“Es imposible no transmitir al criar, tanto bien como mal”
Hodding Carter
Somos testigos y protagonistas de múltiples cambios sociales, entre ellos los que engloban a la familia y los modelos de crianza. Existe un modelo de crianza autoritario que es rechazado socialmente. Este cambio ha promovido un mayor encuentro emocional dentro de la familia, mayor colaboración e implicación de ambos progenitores. Podemos ver una nueva versión de crianza mucho más compasiva. Como todo cambio, hay grandes beneficios, pero también nuevos inconvenientes. Generar modelos de crianza conlleva innovar.
Uno de los peligros de los nuevos modelos es la polaridad extrema en la que pueden definirse, o es autoritarismo o es un modelo democrático. Los cambios sociopolíticos influyen en este ámbito también.
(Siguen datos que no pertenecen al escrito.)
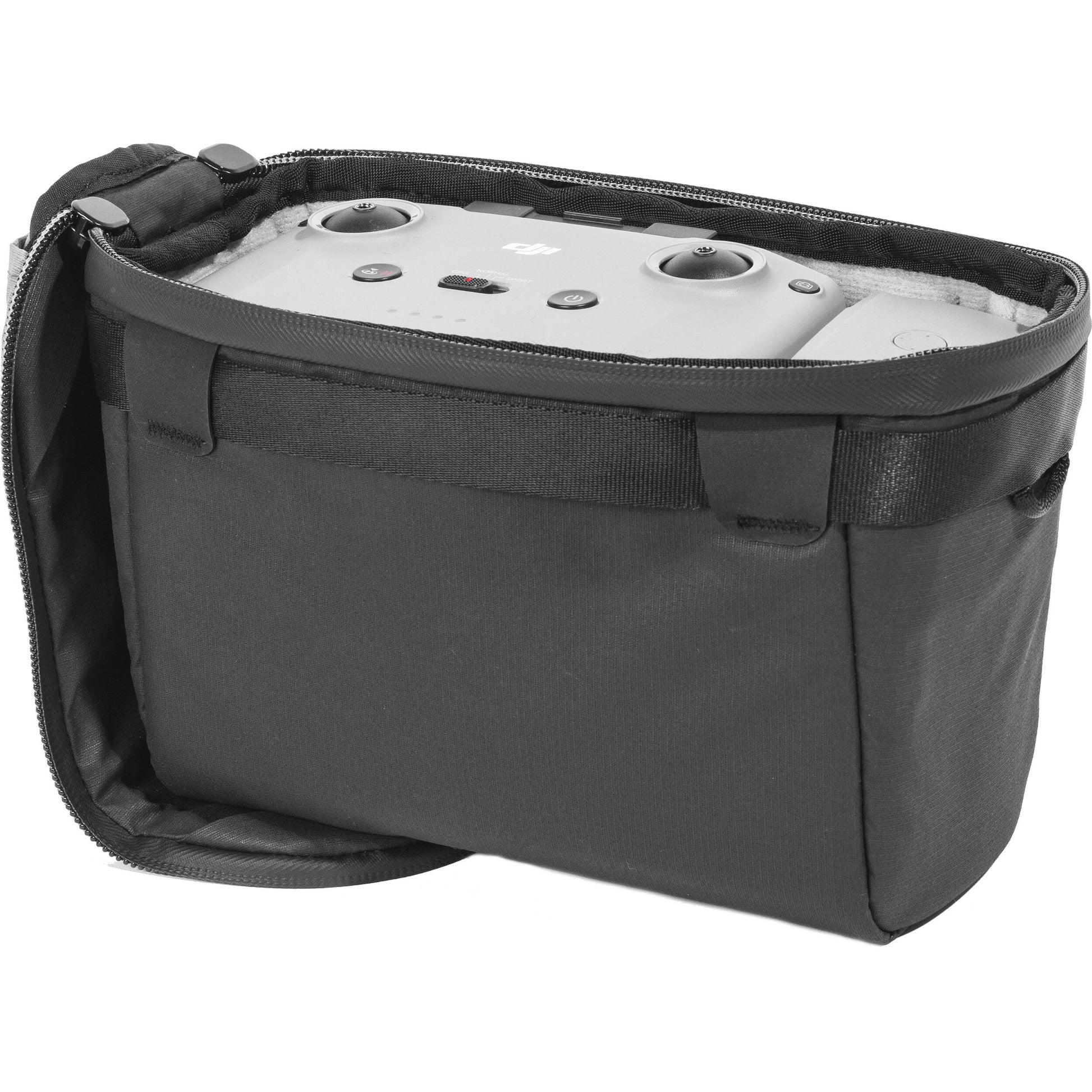 Black handheld Peak Design Camera Cube V2 with adjustable dividers, zipper closure, and durable nylon exterior, perfect for carrying camera gear safely.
Desde nuestra profesión somos testigos de modelos democráticos familiares que conducen a dificultades diferentes a las experimentadas en generaciones anteriores. Una de las polaridades constituye la relación entre padre e hijos con bases de reciprocidad, amistad, aceptación por parte de los hijos de los deberes y tareas de los que deben hacerse cargo sin que se les pida y con predisposición. Es decir, se espera que los hijos colaboren “democráticamente” en la esfera familiar, que lo hagan amablemente y que no existan imposiciones. Esto presupone que los hijos no necesitan reglas, ni padres que les dirijan con firmeza y muestren lo que se debe o no se debe. Los castigos son interpretados como chantajes a los hijos por lo cual no se aplican cuando los hijos no cumplen con sus obligaciones o se comporta de manera desafiante. Conclusión: hijos que nacen con reglas establecidas, buena disposición y colaboración sin necesidad de ser enseñados, entonces, ¿ cuál es la nueva función parental?.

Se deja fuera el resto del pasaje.